Regarding the analogous result for $\ell_p (X)$ ($p\in (1,\infty)$) and $c_0 (X)$, I seem to recall reading somewhere that it was solved by Joram Lindenstrauss, but now I can't seem to find any reference to it. I seem to think that I saw something about it in the Appendix to the English translation of Banach's book on linear operations (the appendix is by Bessaga and Pelczynski), but it would take me a while to sift through it to find it, and family dinner is being dished up very shortly. I wonder anyhow how much can be gleaned from Matthew Daws' classification of the closed, two-sided ideals in $\mathcal{B}(\ell_p (X))$, the Banach algebra of all bounded linear operators on $\ell_p (X)$? The relevant paper can be downloaded at http://www.amsta.leeds.ac.uk/~mdaws/pubs/ideals.pdf . The paper 'The lattice of closed ideals in the Banach algebra of operators on a certain dual Banach space' by Laustsen, Schlumprecht and Zsak illustrates how classification of the complemented subspaces of a Banach space $E$ can follow from the classification of closed, two-sided ideals in $\mathcal{B}(E)$ if all the closed, two-sided ideals are generated by projections onto complemented subspaces having certain nice properties. How much of this can be done using Matt's results I haven't checked, but I think that at the very least some partial results could be obtained. Matt might comment of this if he passes by, or if no one else does I might try to look into it in the next day or so and edit this answer accordingly.

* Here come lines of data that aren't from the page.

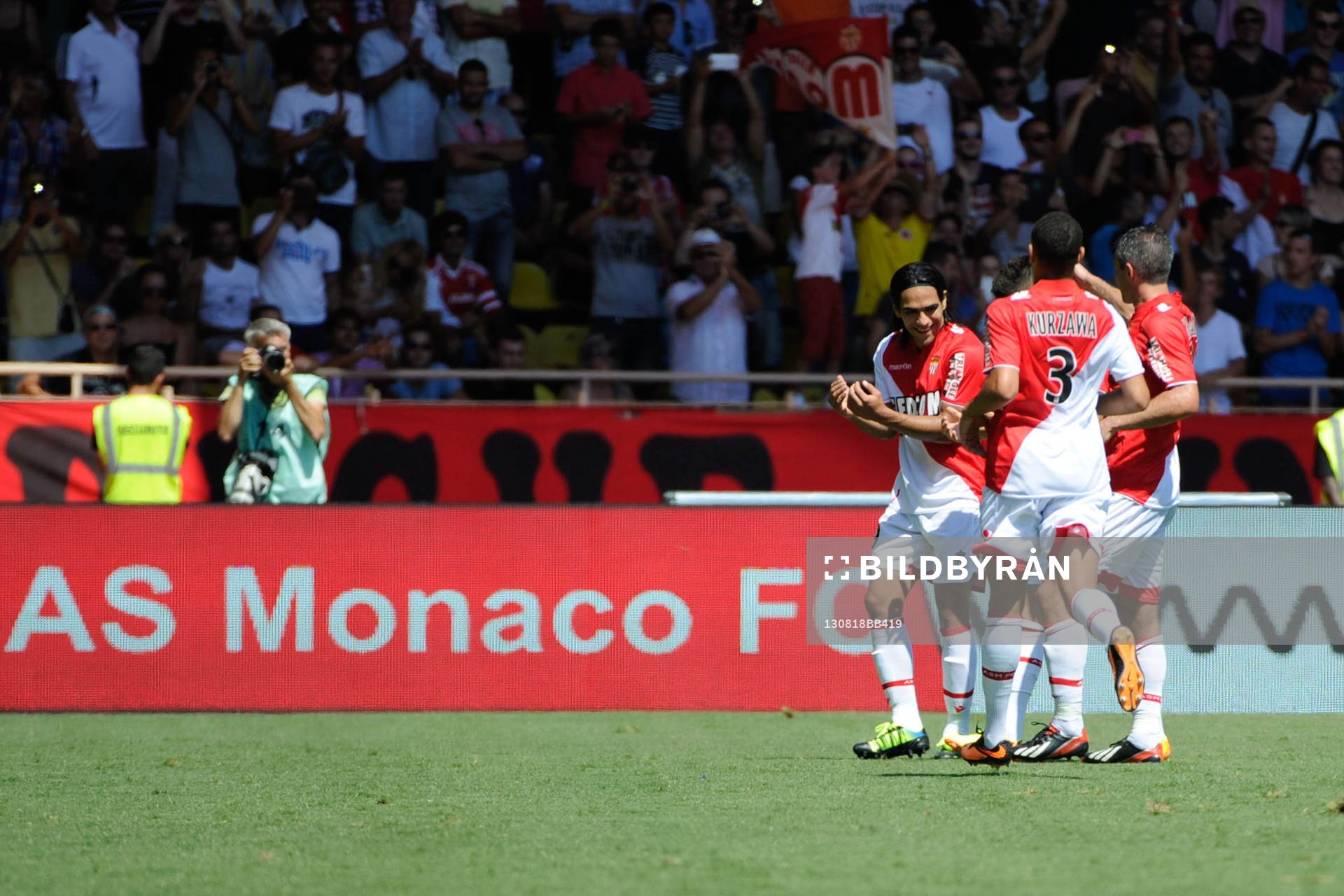  Fotboll, Franska ligan, Monaco - Montpellier: Joie Falcao - 18.08.2013 - Monaco / Montpellier - 2eme journee de Ligue 1 -
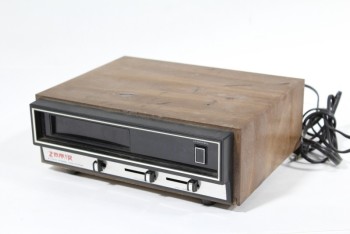 Audio, 8 Track, 8 TRACK STEREO TAPE PLAYER,FAUX WOOD , PLASTIC, BROWN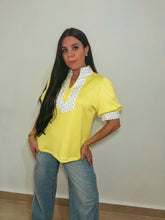 Load image into Gallery viewer, Lemoncello Polka Top
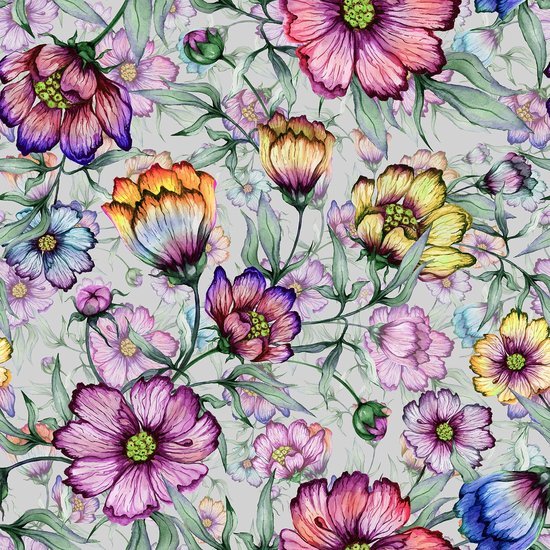 550x550-17705.jpg Unyqoos® Zelfklevend waterdicht behang met vintage bloemenmotief voor diverse ruimtes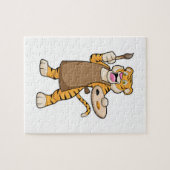 Tiger at絵を描とBrush絵を描の比較 ジグソーパズル (横)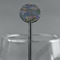 Water Lilies by Claude Monet Black Plastic 5.5" Stir Stick - Round - Main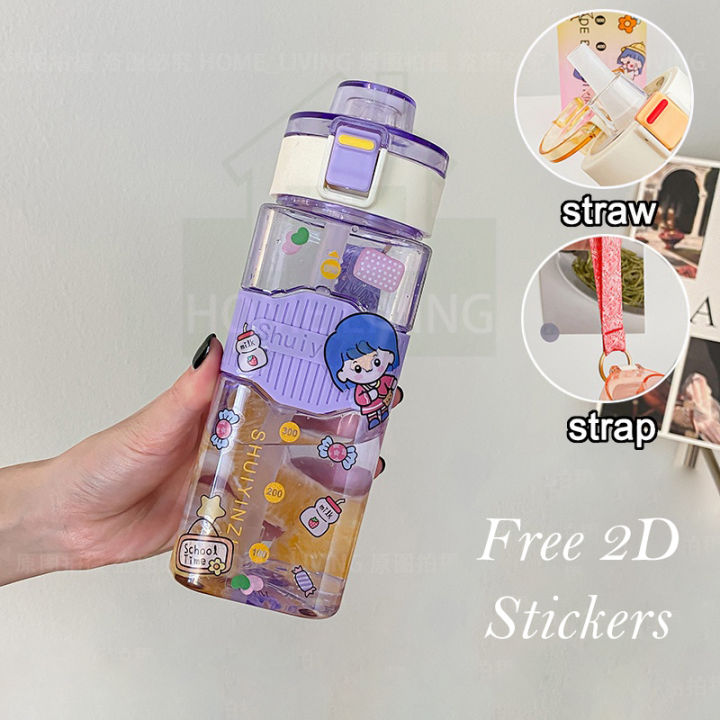550ml%20Transparent%20Square%20Water%20Bottle%20With%20Straw%20And%20Fun%202D%20Stickers%20%E2%80%93%20Perfect%20For%20School%20Kids%20-%20Image%204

The analogous result for $\ell_\infty (X)$ does not hold for uncountable $X$ in general. Indeed, every $\ell_\infty (X)$ is the dual of $\ell_1 (X)$, every Banach space embeds isomorphically into some $\ell_\infty (X)$, but there are injective Banach spaces that are not isomorphic to any dual Banach space; the first such example seems to have been found by Haskell Rosenthal in his paper 'On injective Banach spaces and the spaces $L^\infty (\mu)$ for finite measure $\mu$' (Acta Mathematica, 124, Corollary 4.4), and the existence of such a space provides the desired counterexample.
A: Nice answer, Phil.
The case  of  $Z=\ell_p(X)$, 1 < p < infinity, and $Z=c_0(X)$ with $X$ uncountable are a bit easier because if $T$ is a bounded linear operator from $Y$ into $Z$ and the density character of $Y$ is smaller than $|X|$, then $T$ cannot be one to one.  So if $Y$ is a subspace of $Z$ with density character $|X|$, then a maximal set of disjointly supported unit vectors in $Y$ has cardinality $|X|$ (use  the obvious fact that a subspace $W$ of $Z$ is contained in $\ell_p(Q)$
[or $c_0(Q)$] with $|Q|$ equal to the density character of $W$).  So every subspace of $Z$ with density character $|X|$ has a norm one complemented subspace that is isometric to $Z$.  This and a second use of the ``obvious fact" gives the desired result.